Befitting its fashionable locale, co-developers of the Lucas, Metric Corp and New Boston Ventures, spared no expense in outfitting the opulent residences with state-of-the art amenities, high-end finishes, high-tech home systems and top-of-the-line mechanical systems. The Unico System was the sole HVAC choice from the design stage and the developers tapped RST Thermal, Unico’s Boston-based factory representatives, who in turn suggested Unico System veterans, Back Bay Mechanical, for the massive installation. Distributor, R.E. Michel Company supplied the 43 Unico Systems needed for the project and Back Bay Mechanical began the installation during phase two of construction in the fall of 2016.
The project developers, architects and interior design firm chose the Unico System for its ability to both unobtrusively fit into any design and deliver the best, most efficient indoor comfort available in today’s market. The structure’s 33 residential units, ranging in size from 1-4 bedroom layouts and in cost from $1.5 million to $3.5 million each, are outfitted with the very best finishes and furnishings, so the HVAC system had to match these ambitions. Hence, the choice of the Unico System.
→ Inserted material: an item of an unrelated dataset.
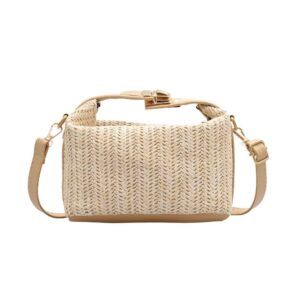 حقائب طويلة تمر بالجسم للنساء، حقيبة منسوجة كتف، كروس بودي عصرية يد محفظة شاطئ عطلة، بيج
Unico System experts Evan Trethewey with RST and Scott McKenna with R.E. Michel acted as liaison between the factory and the installing contractor and construction teams. Back Bay Mechanical began the initial systems integration during phase two of the construction, installing the main plenum and supply duct runs. They returned to install the individual air handling units and outlets during the final phase of construction in the fall of 2017.
“The truly neat thing about a project like this, beyond its overall size and scope,” says R.E. Michel’s McKenna, “is seeing a local historic landmark both preserved and transformed into something completely new.” Scott has been associated with many Unico System installations in both older, architecturally significant and custom-designed homes and buildings. For the Lucas, Scott maintained a video diary of the project’s progress which was periodically posted on Unico’s social media sites. “It was really something to see the old church gutted and then built back up. It was a bit like the architectural equivalent of watching a butterfly hatch from a cocoon. These are the projects that really make our jobs interesting!”
As a longtime partner and supporter of the National Trust for Historic Preservation, Unico is always proud to be a part of preserving America’s historic locations.